Menurut definisi AMAN (Aliansi Masyarakat Adat Nusantara), masyarakat adat merupakan kelompok masyarakat yang memiliki sejarah asal-usul dan menempati wilayah adat secara turun-temurun. Masyarakat adat memiliki kedaulatan atas tanah dan kekayaan alam, kehidupan sosial-budaya yang diatur oleh hukum adat, dan lembaga adat yang mempertahankan keberlanjutan kehidupan masyarakat adat sebagai komunitas adat. Masyarakat adat memiliki penanda dan karakteristik khas seperti relasi spiritual dengan tanah dan wilayah adat, keberlanjutan sejarah, serta sistem sosial politik dan ekonomi yang khas. Masyarakat adat menjadi lanskap sosial budaya yang khas di budaya Asia Tenggara, seperti Indonesia dan Malaysia.
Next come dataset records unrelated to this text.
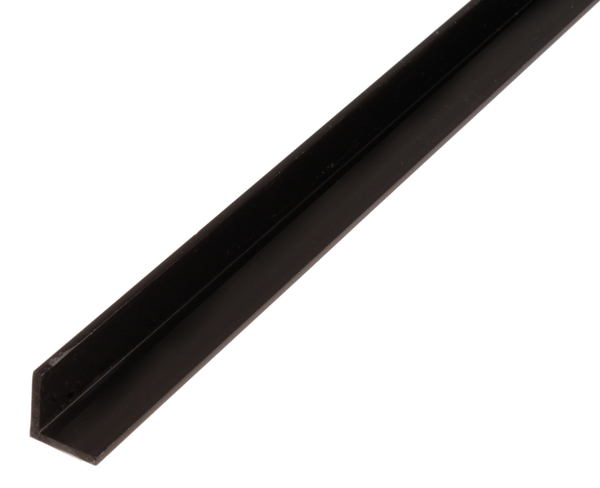 Winkelprofil, Material: PVC-U, Farbe: schwarz, Breite: 25 mm, Höhe: 25 mm, Materialstärke: 1,8 mm, Ausführung: gleichschenklig, Länge: 2600 mm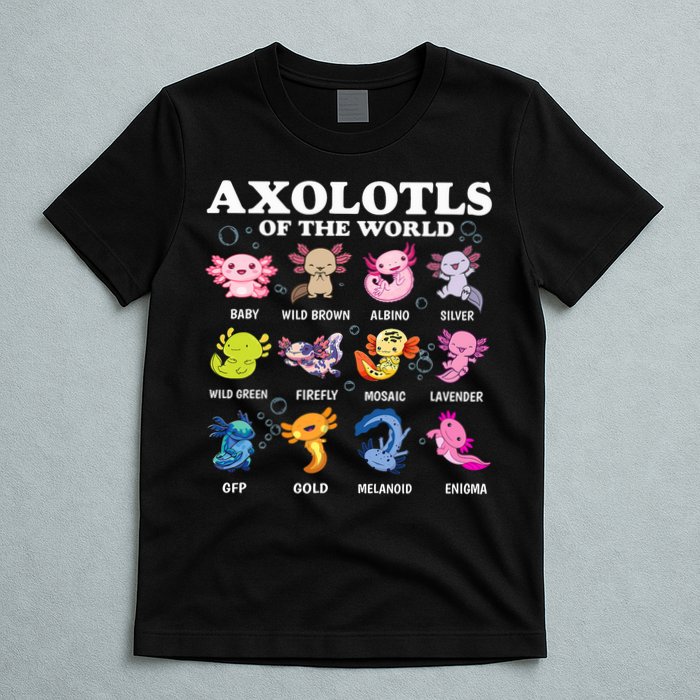 Axolotls Of The World Kawaii Axolotl Animals Fish Amphibian T-Shirt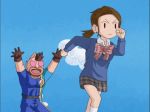 1boy, 1girl, animated, arms_up, blue_sweater, chasing, cloud, collared_shirt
Masyarakat adat memiliki peran yang signifikan dalam inovasi lokal dan pelestarian lingkungan secara berkelanjutan, sebagai upaya yang perlu diadaptasi pada kerja-kerja pemberdayaan masyarakat di wilayah lainnya.
Relevansi peran masyarakat adat terhadap upaya pemberdayaan masyarakat telah dielaborasi oleh Assoc. Prof. Dr. Norwaliza, dosen sekaligus peneliti yang konsen pada kajian Indigenous People (Masyarakat Adat) dari University Pendidikan Sultan Idris Malaysia. Beliau menyampaikan tentang “Belajar dari Masyarakat Adat di Indonesia dan Malaysia”, melalui kesempatan Eurasia Lecturer Series Episode 11 yang diselenggarakan pada hari Rabu, 14 Mei 2025 di Ruang Ki Hadjar Dewantara FISIP UNY.
Dr. Norwaliza, menyampaikan beberapa contoh masyarakat adat yang ada di Malaysia, seperti Orang Asli yang telah mempraktikkan sistem pertanian dan pemanfaatan sumber daya alam yang selaras dengan prinsip ekologi, melalui praktik agroforestry dan intercropping di kebun hutan mereka. Prinsip keberlanjutan tersebut juga muncul pada masyarakat adat Dayak Maanyan di Kalimantan Tengah, melalui pengetahuan etnomedisin dengan menggunakan tanaman seperti Sungkai (Peronema canescens) untuk penurun panas dan mempercepat pemulihan setelah melahirkan. Beberapa contoh kearifan lokal yang dimiliki oleh masyarakat adat di Indonesia dan Malaysia tersebut menjadi gambaran bagaimana pendekatan alteratif dapat menjadi opsi pembangunan yang berkelanjutan.
Dr. Norwaliza menambahkan tentang beberapa model ekowisata berbasis Komunitas di Sabah dan Klaimantan yang berhasil menggabungkan antara pelestarian budaya, keberlanjutan lingkungan, dan penciptaan lapangan kerja. Pembahasan tentang Komunitas Masyarakat Adat yang memiliki pengetahuan lokal yang justru lebih memperhatikan aspek keberlanjutan lingkungan dan memperhatikan budaya lokal, menjadi gambaran bagaimana upaya tersbeut mendukung upaya Sustainable Development Goals (SDGs), khususnya pada tujuan ke-3 tentang kehidupan sehat dan sejahtera; tujuan ke-14 tentang ekosistem lautan; serta tujuan ke-15 tentang ekosistem daratan.